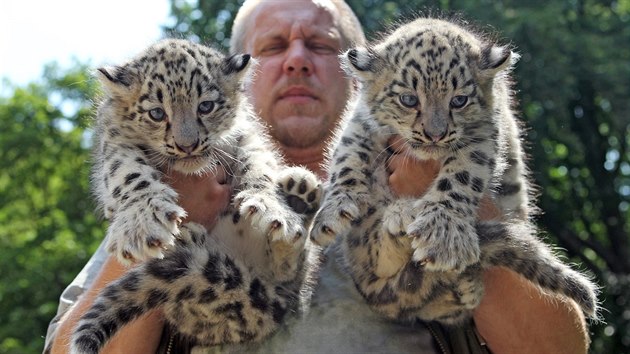 Před devatenácti lety byl Jan Vašák v jihlavské zoo u prvního odchovu irbisů a pyšně ukazoval nová mláďata také v červenci 2011.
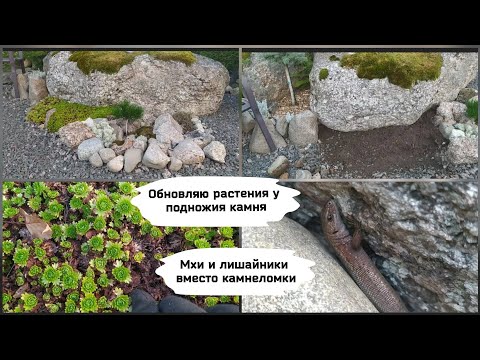 Видео: Обновляю растения у подножия камня. Мхи и лишайники вместо камнеломки.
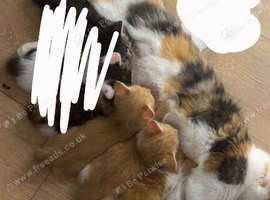 kitten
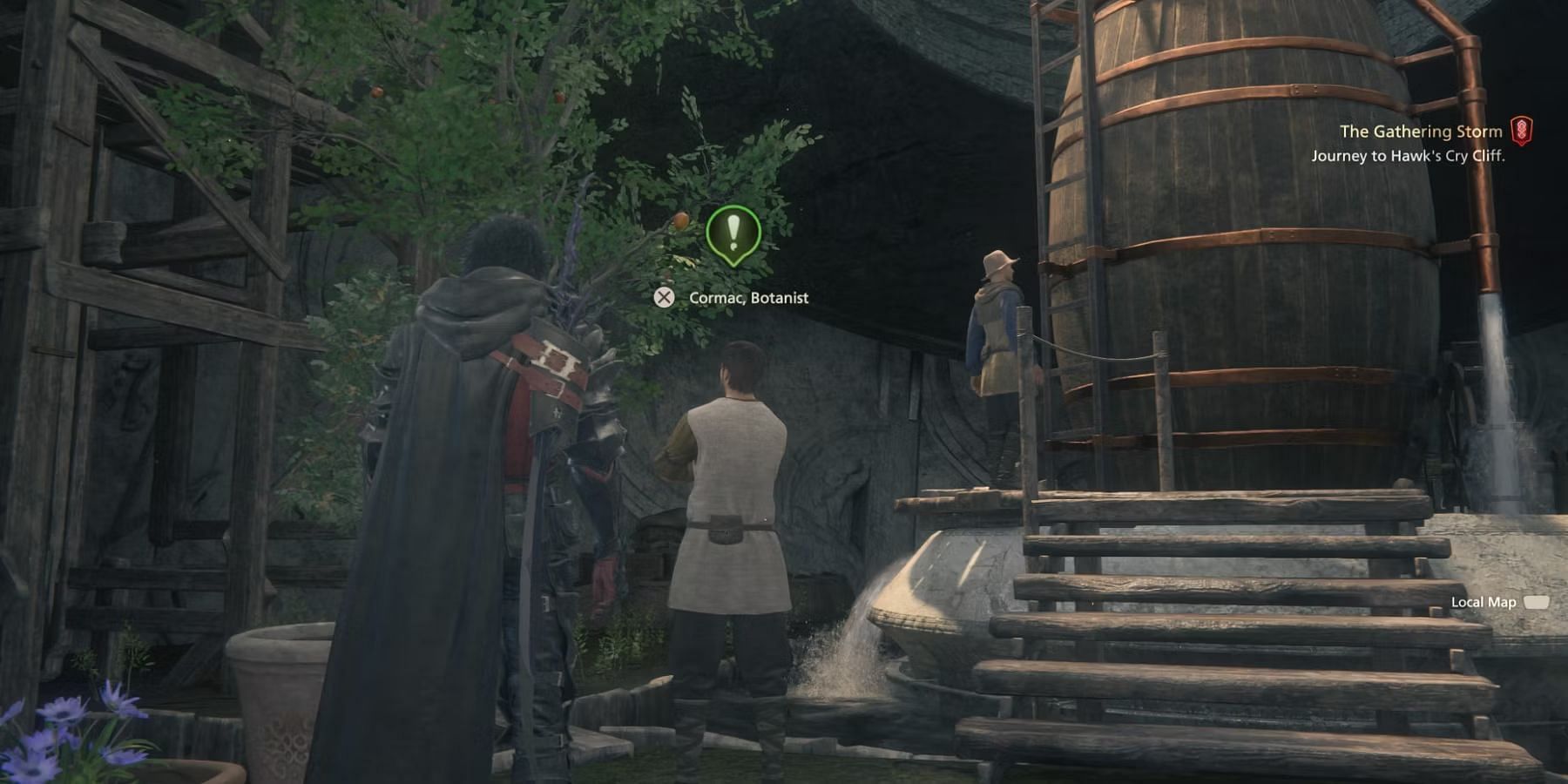 Interact with Cormac the Botanist to start the side quest (Image via Square Enix)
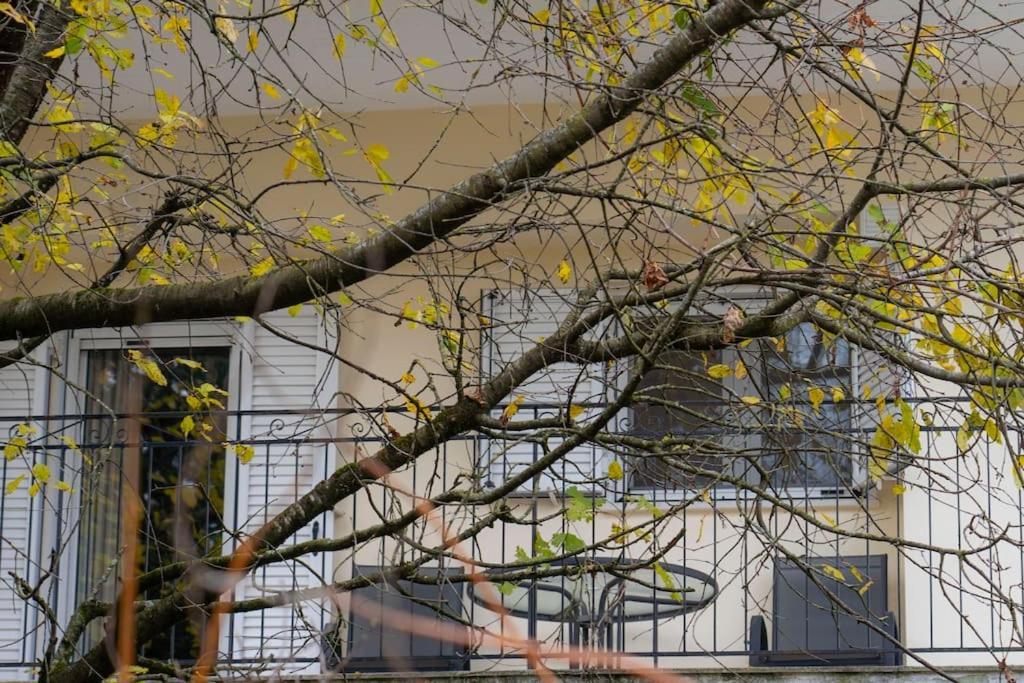 Apartment Mrb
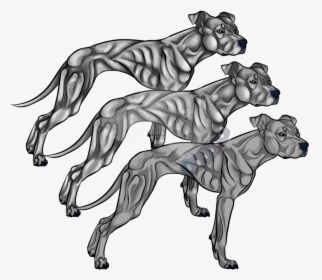 American Pit Bull Terrier Line Art Drawing - Pitbull Lineart, HD Png Download, Transparent PNG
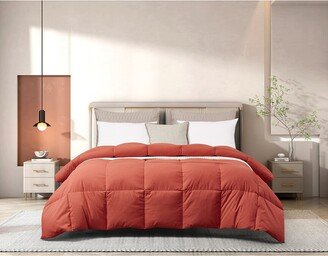 All-Season Feather & Down Comforter-AD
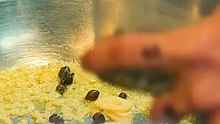 Carmy pursues the perfection of food rather than just its deliciousnessshorts shortvideo foryou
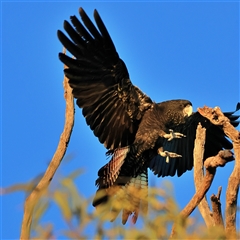 Calyptorhynchus banksii at Wilcannia, NSW - 1 Jun 2025 07:47 AM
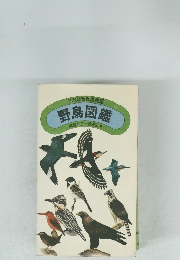 野鳥図鑑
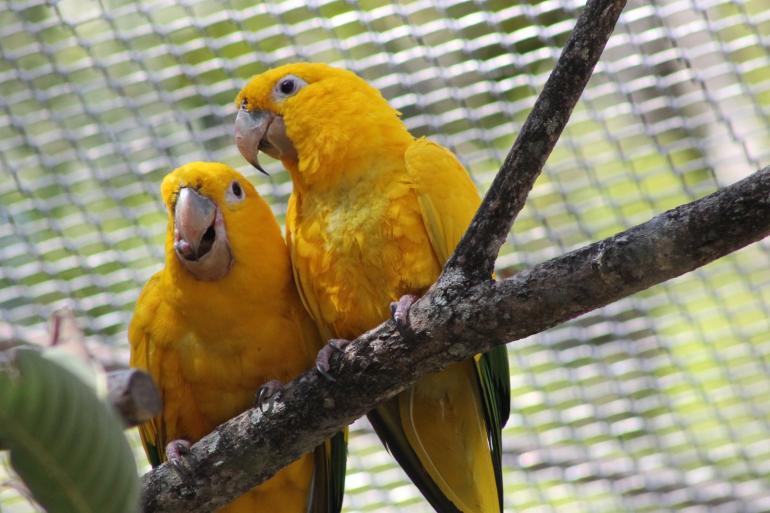 Semana das Crianças terá programação especial no Jardim Zoológico de BH duas aves de porte pequeno, na cor amarela com penas esverdeadas na cauda, sobre um tronco fino de árvore, posicionadas naturalmente lado a lado, da espécie ararajuba, que vivem no recinto de imersão das aves no Zoo BH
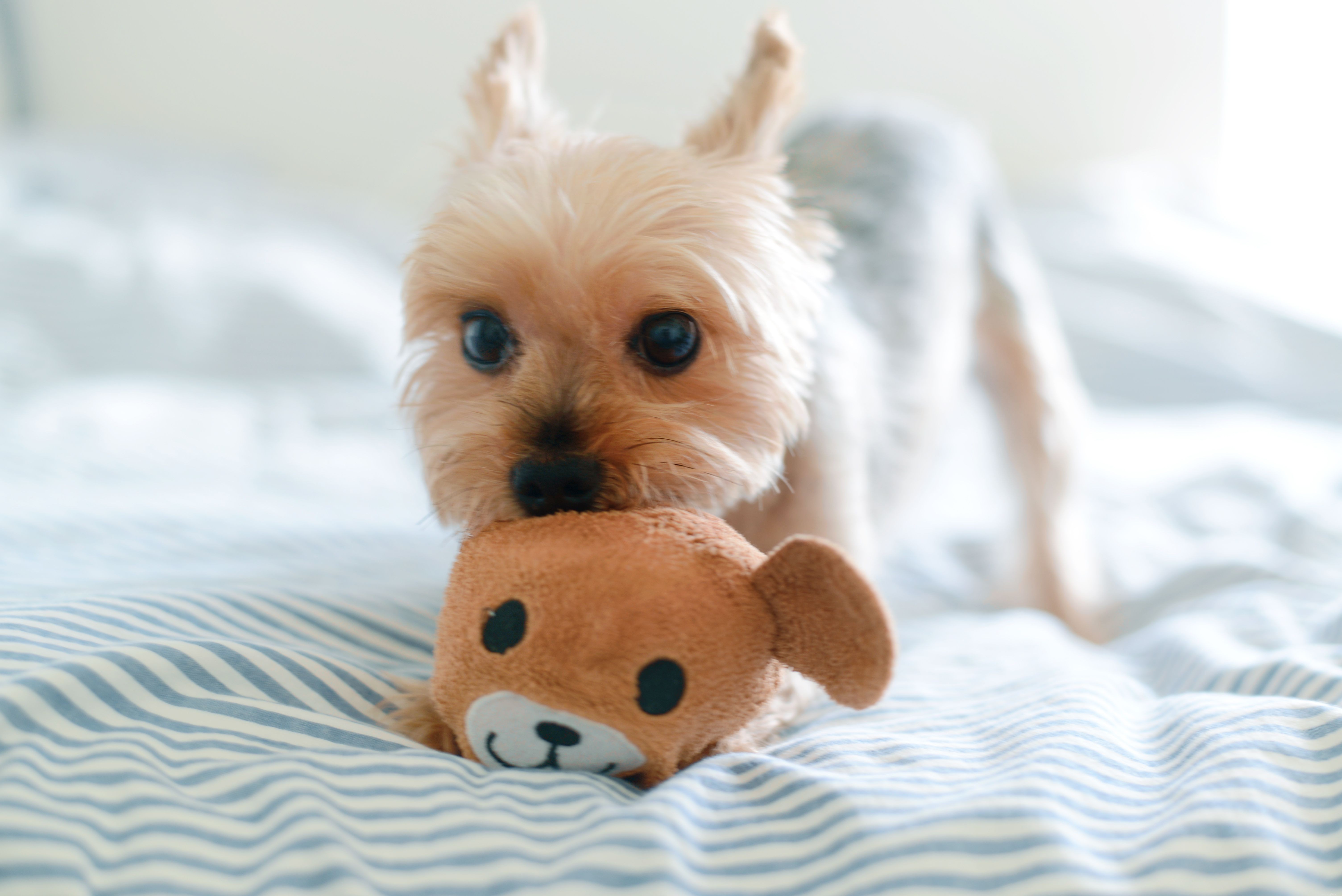 Top Dog Toy Styles: How to Pick Toys That Keep Your Canine Happy and Healthy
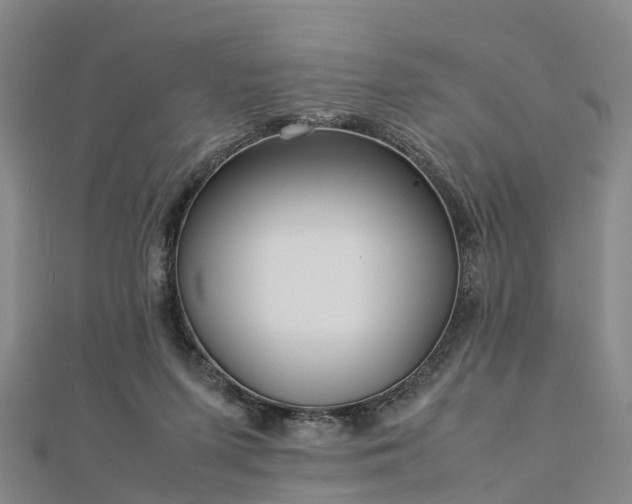 X0000113010215200909031320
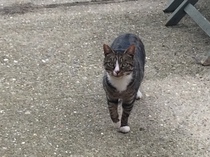 Your rescue animal story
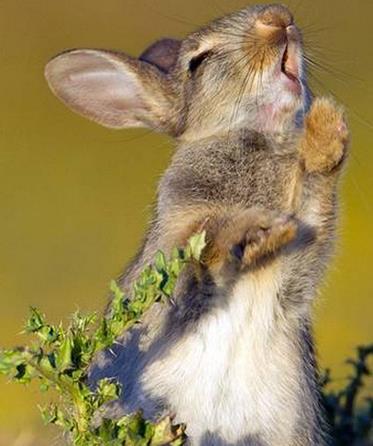 为什么你的 雪 字总像狗啃的？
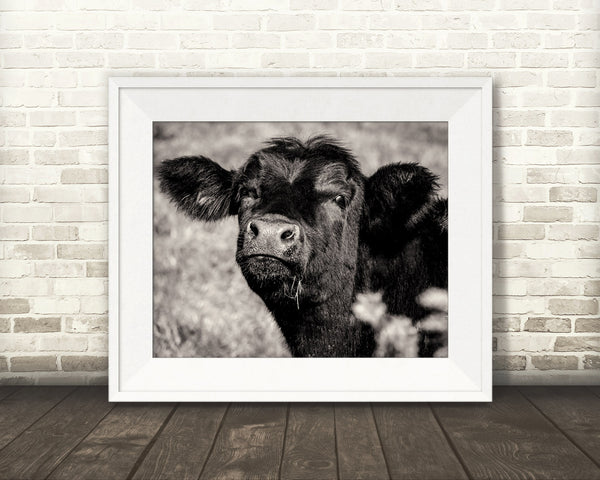 Black Angus Cow Photograph Sepia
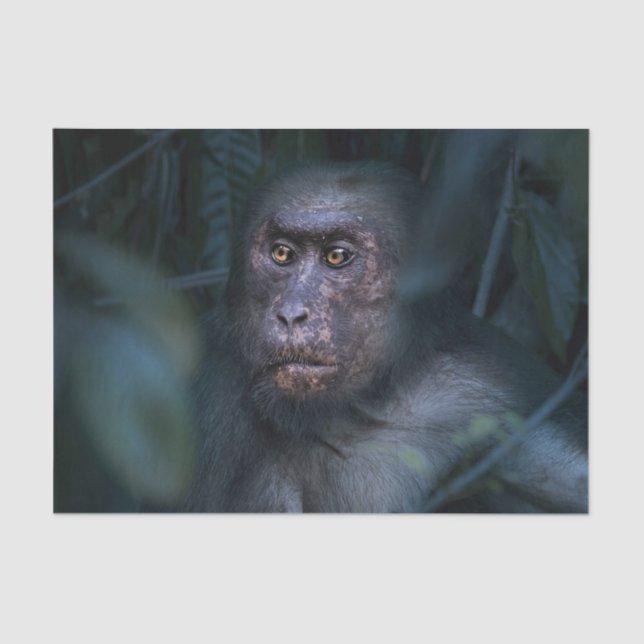 Monkey in the Jungle Tissue Paper (Front)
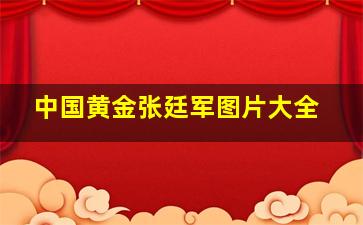 中国黄金张廷军图片大全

-------

WHAT THE EXERCISE ASKS:
Of the records above, print only the lines from the one containing "American Pit Bull" through the one containing "Black Angus Cow Photograph Sepia", inclusive and unaltered, leaving out pictures.

SOLUTION TO THE PROBLEM:
 American Pit Bull Terrier Line Art Drawing - Pitbull Lineart, HD Png Download, Transparent PNG
 All-Season Feather & Down Comforter-AD
 Carmy pursues the perfection of food rather than just its deliciousnessshorts shortvideo foryou
 Calyptorhynchus banksii at Wilcannia, NSW - 1 Jun 2025 07:47 AM
 野鳥図鑑
 Semana das Crianças terá programação especial no Jardim Zoológico de BH duas aves de porte pequeno, na cor amarela com penas esverdeadas na cauda, sobre um tronco fino de árvore, posicionadas naturalmente lado a lado, da espécie ararajuba, que vivem no recinto de imersão das aves no Zoo BH
 Top Dog Toy Styles: How to Pick Toys That Keep Your Canine Happy and Healthy
 X0000113010215200909031320
 Your rescue animal story
 为什么你的 雪 字总像狗啃的？
 Black Angus Cow Photograph Sepia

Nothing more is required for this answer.